### AIM OF THE EXERCISE
The answer is to be the data that follows, transcribed exactly, minus its pictures.

### PROVIDED MATERIAL

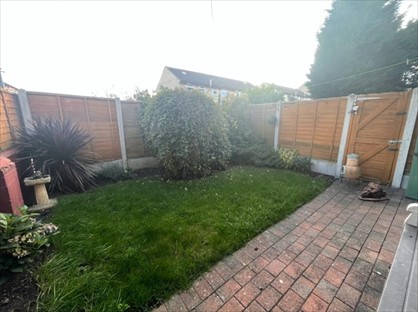 3 Bed Terraced House, Mortimer Terrace, WF17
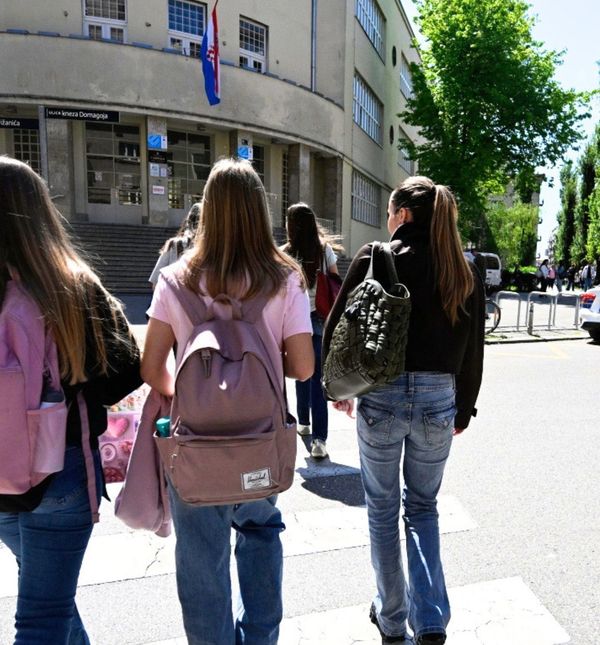 Dojave o bombama u zagrebačkim školama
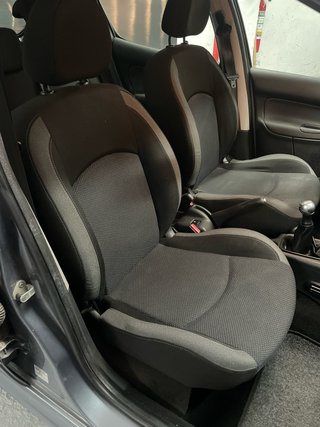 Peugeot 206 PLUS  2010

### WRITTEN ANSWER
 3 Bed Terraced House, Mortimer Terrace, WF17
 Dojave o bombama u zagrebačkim školama
 Peugeot 206 PLUS  2010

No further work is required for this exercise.